_Prompt:_ Which lines of the entries below run from the one holding "Photo of a happy" to the one holding "Ein modernes Wohnzimmer mit Treppe, einer", inclusive? Set down exactly those lines and no others.

*** Begin section ***

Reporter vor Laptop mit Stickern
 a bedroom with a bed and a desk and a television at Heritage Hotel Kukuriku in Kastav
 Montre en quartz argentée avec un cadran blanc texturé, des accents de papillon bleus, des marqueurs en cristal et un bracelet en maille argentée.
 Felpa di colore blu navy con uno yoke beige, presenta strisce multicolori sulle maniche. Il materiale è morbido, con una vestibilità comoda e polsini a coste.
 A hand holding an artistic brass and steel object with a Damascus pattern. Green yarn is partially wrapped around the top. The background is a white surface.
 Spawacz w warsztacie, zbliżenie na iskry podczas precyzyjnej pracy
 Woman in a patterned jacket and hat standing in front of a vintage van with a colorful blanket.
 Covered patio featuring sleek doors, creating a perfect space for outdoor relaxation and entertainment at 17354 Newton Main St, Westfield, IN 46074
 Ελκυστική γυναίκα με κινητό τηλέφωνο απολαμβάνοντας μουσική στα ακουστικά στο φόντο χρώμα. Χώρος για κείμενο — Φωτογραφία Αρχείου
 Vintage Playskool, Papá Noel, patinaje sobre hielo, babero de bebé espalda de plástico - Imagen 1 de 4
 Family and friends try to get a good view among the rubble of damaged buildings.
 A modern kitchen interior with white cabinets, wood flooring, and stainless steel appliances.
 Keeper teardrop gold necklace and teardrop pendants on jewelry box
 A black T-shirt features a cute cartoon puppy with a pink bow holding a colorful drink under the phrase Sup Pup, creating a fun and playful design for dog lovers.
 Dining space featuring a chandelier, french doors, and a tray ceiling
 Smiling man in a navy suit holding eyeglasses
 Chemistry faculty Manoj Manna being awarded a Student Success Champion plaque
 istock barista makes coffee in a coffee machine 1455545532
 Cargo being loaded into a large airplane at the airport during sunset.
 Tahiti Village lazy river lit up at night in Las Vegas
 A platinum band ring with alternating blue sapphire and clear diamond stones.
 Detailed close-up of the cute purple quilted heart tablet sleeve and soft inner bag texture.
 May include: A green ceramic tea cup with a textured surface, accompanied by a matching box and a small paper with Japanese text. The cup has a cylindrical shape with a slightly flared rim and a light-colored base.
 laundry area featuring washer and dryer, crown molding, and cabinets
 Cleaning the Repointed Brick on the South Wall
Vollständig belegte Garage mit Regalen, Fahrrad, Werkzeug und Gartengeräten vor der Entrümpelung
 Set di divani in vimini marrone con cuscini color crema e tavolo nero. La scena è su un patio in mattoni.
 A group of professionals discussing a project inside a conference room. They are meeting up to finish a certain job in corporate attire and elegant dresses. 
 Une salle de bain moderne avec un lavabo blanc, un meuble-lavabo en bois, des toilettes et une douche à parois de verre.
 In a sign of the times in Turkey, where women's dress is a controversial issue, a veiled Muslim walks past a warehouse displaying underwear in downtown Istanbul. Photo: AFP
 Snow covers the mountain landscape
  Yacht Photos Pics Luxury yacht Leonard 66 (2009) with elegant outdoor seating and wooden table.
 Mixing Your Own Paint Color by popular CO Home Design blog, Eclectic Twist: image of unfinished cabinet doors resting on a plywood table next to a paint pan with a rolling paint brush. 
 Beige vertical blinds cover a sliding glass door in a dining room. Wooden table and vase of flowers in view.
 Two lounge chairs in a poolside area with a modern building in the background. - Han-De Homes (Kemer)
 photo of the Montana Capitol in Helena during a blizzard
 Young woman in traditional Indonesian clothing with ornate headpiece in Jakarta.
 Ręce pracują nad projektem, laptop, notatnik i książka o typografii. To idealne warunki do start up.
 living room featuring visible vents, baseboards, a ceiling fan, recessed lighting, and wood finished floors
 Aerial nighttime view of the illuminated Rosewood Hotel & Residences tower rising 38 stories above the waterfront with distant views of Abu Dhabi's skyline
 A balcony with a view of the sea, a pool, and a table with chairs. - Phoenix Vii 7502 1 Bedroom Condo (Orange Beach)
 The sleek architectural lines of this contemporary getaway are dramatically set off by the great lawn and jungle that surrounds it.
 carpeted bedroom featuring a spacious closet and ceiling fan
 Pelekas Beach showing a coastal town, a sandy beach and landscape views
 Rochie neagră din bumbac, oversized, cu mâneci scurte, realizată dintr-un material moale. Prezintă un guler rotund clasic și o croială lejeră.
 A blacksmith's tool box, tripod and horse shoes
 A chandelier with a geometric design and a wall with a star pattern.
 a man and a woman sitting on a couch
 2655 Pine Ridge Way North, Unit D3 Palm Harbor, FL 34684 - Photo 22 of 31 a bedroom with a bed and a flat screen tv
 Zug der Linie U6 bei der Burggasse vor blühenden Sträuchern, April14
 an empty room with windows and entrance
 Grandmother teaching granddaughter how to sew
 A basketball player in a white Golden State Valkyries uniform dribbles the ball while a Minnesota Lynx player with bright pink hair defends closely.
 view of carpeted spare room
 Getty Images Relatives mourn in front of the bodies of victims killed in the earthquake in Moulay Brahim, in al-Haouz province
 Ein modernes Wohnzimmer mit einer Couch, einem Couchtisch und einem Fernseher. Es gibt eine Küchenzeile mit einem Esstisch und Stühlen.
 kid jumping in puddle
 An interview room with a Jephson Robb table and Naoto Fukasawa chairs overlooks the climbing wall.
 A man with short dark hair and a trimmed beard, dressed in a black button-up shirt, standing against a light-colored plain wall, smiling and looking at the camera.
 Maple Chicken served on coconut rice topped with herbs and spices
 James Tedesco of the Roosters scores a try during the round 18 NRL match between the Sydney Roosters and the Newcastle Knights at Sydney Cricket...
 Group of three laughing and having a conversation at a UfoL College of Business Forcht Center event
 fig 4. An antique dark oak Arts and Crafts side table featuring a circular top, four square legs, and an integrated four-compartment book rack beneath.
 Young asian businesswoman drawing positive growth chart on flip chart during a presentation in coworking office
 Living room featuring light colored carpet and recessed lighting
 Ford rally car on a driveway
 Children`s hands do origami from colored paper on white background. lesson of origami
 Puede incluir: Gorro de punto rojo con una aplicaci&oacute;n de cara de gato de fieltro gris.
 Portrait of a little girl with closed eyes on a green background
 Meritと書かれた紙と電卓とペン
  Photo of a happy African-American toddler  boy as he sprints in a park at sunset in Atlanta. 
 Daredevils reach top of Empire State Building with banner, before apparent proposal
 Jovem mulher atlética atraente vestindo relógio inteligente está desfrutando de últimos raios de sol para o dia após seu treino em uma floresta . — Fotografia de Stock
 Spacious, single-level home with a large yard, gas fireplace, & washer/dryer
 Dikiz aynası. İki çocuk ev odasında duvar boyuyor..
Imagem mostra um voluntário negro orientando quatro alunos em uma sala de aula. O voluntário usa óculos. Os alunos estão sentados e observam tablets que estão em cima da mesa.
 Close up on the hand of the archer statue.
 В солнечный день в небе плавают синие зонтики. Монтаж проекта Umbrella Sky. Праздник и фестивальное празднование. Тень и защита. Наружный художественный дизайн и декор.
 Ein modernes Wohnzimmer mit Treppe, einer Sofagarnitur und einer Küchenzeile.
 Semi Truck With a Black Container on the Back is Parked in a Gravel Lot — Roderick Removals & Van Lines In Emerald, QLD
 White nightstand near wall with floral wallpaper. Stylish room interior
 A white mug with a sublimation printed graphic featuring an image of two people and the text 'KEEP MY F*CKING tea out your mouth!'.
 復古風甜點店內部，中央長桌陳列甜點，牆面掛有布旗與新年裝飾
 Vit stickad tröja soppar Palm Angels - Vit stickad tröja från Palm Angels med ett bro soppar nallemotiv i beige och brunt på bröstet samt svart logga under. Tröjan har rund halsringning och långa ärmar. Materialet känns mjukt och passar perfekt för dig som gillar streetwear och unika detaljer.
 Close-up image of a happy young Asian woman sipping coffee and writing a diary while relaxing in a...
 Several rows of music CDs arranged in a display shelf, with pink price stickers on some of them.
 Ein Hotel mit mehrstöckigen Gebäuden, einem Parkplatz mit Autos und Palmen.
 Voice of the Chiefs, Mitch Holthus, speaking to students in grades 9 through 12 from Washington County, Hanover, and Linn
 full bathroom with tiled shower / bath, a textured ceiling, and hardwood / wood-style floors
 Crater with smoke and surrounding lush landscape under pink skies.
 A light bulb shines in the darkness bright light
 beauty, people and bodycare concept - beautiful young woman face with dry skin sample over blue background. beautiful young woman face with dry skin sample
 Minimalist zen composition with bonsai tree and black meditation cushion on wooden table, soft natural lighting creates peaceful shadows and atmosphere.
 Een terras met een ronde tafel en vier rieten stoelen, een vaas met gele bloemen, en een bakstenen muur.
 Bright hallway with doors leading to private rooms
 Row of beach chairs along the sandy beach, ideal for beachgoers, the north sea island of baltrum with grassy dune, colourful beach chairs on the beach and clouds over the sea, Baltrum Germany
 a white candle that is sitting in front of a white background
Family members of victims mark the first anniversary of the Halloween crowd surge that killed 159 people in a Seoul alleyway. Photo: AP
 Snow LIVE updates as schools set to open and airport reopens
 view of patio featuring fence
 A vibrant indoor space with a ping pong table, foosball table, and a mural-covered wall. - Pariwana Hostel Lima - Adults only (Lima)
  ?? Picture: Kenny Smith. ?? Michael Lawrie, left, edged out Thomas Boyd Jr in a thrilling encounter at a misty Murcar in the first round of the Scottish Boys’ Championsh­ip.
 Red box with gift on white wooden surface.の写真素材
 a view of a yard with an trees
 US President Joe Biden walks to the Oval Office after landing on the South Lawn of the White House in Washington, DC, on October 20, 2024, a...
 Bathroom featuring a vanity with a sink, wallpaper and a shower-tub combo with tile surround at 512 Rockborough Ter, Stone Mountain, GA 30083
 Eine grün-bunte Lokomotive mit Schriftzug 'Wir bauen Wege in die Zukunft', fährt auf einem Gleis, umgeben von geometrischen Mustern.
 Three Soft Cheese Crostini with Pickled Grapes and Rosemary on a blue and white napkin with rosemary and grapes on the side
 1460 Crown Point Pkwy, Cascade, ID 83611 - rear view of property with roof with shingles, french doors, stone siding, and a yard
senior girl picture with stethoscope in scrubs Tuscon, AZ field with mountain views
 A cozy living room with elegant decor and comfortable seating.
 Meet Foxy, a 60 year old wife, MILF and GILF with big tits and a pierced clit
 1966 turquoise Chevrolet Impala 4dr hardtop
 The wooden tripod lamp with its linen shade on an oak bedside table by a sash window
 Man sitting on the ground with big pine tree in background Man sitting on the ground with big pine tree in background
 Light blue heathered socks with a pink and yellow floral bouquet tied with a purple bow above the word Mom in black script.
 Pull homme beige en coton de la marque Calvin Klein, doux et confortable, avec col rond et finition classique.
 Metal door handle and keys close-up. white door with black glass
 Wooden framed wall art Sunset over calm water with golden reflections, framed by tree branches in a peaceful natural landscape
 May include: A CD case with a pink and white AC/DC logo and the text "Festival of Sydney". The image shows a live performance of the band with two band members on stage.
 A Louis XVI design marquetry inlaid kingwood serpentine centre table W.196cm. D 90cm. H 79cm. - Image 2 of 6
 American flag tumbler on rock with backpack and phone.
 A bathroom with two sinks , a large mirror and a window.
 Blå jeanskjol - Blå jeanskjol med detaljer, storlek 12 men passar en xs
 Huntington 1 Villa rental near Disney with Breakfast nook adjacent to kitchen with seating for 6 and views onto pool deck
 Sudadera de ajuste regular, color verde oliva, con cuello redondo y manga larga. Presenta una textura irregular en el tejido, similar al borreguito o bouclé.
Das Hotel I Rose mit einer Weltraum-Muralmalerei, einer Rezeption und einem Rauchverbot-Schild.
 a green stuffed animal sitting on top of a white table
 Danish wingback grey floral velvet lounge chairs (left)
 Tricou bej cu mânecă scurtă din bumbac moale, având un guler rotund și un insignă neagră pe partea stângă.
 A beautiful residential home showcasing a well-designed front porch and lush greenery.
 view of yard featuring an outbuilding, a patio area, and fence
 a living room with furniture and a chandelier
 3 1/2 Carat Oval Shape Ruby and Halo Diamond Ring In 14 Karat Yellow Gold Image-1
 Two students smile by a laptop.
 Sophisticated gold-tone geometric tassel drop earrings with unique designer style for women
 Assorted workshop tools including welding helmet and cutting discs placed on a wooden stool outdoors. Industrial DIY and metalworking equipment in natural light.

*** End section ***

_Answer box:_
  Photo of a happy African-American toddler  boy as he sprints in a park at sunset in Atlanta. 
 Daredevils reach top of Empire State Building with banner, before apparent proposal
 Jovem mulher atlética atraente vestindo relógio inteligente está desfrutando de últimos raios de sol para o dia após seu treino em uma floresta . — Fotografia de Stock
 Spacious, single-level home with a large yard, gas fireplace, & washer/dryer
 Dikiz aynası. İki çocuk ev odasında duvar boyuyor..
Imagem mostra um voluntário negro orientando quatro alunos em uma sala de aula. O voluntário usa óculos. Os alunos estão sentados e observam tablets que estão em cima da mesa.
 Close up on the hand of the archer statue.
 В солнечный день в небе плавают синие зонтики. Монтаж проекта Umbrella Sky. Праздник и фестивальное празднование. Тень и защита. Наружный художественный дизайн и декор.
 Ein modernes Wohnzimmer mit Treppe, einer Sofagarnitur und einer Küchenzeile.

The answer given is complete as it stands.